Arizona State University’s four campuses are in the heart of the Phoenix metropolitan area — the fifth-largest city in the United States. The region surrounding ASU faces similar issues to many of the world’s megacities, such as extreme climate and resource limitations. Aware of these challenges, the university has a mission of being socially embedded and leveraging its place to transform society. Researchers in the Ira A. Fulton Schools of Engineering and many other schools at ASU are employing an entrepreneurial mindset and applied, use-inspired research to engineer and validate solutions that serve communities.

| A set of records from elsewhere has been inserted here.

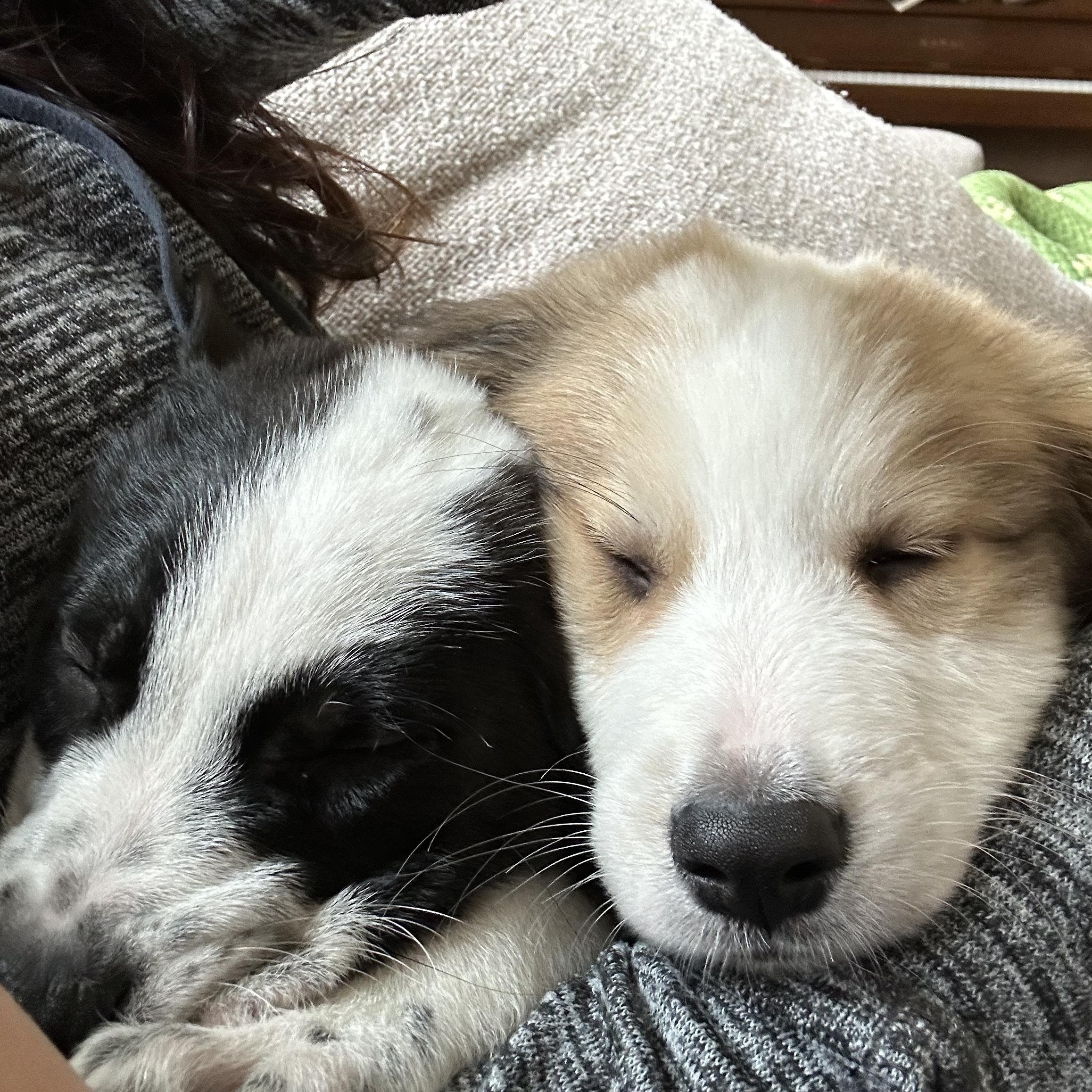 Rudolph, an adopted mixed breed in Simsbury, CT image 2/6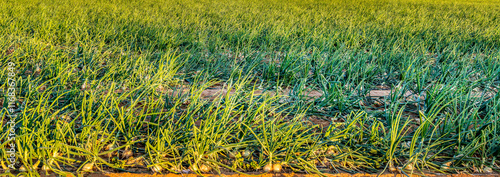 Close up of field with green ripening onion. Concept of sustainable agricultu...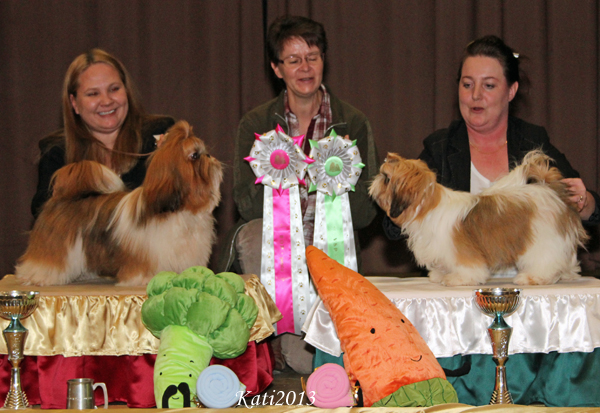 ClubShow13102013RopVspPennut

Sustainable, smart-city technologies represent a unique opportunity to create solutions that advance urban areas and the well-being of their inhabitants by addressing the potentially harmful effects of the built environment.

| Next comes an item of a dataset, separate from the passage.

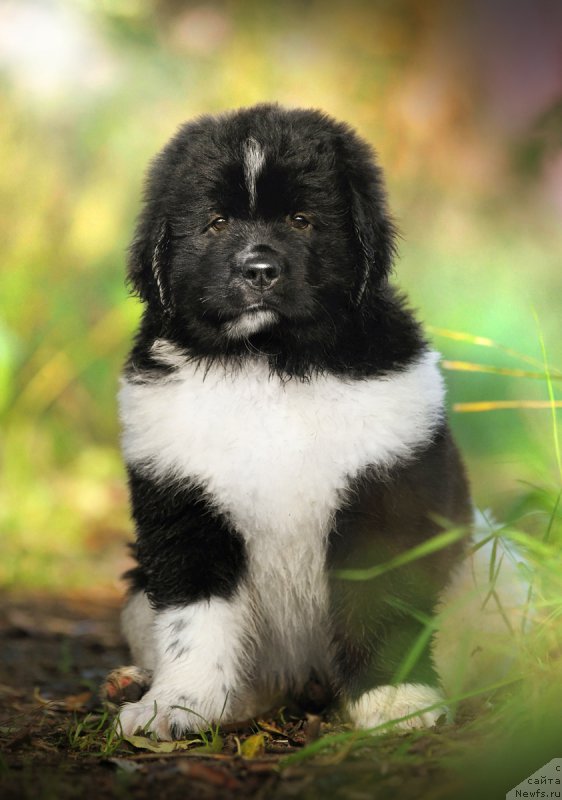 Фото: ньюфаундленд Skazochnaya Kroha SHumaher (Сказочная Кроха Шумахер)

An opportunity to work with the most innovative university on smart-city technology was the impetus for the Zimin Foundation to partner with and support ASU and the Fulton Schools on the second international Zimin Institute, focusing on future technologies that enable smart and sustainable cities.

“The selection reflects on ASU’s growing reputation as an innovation powerhouse and an agent for positive societal change and impact,” said Kyle Squires, dean of the Fulton Schools.

“With this gift, the new institute has a tremendous opportunity to energize the ASU community of scholars and innovators to lead the creation of new smart-city technology solutions, to catalyze new active collaborations with regional stakeholder public and private partners and ultimately to be a world leader in the smart and sustainable cities arena.”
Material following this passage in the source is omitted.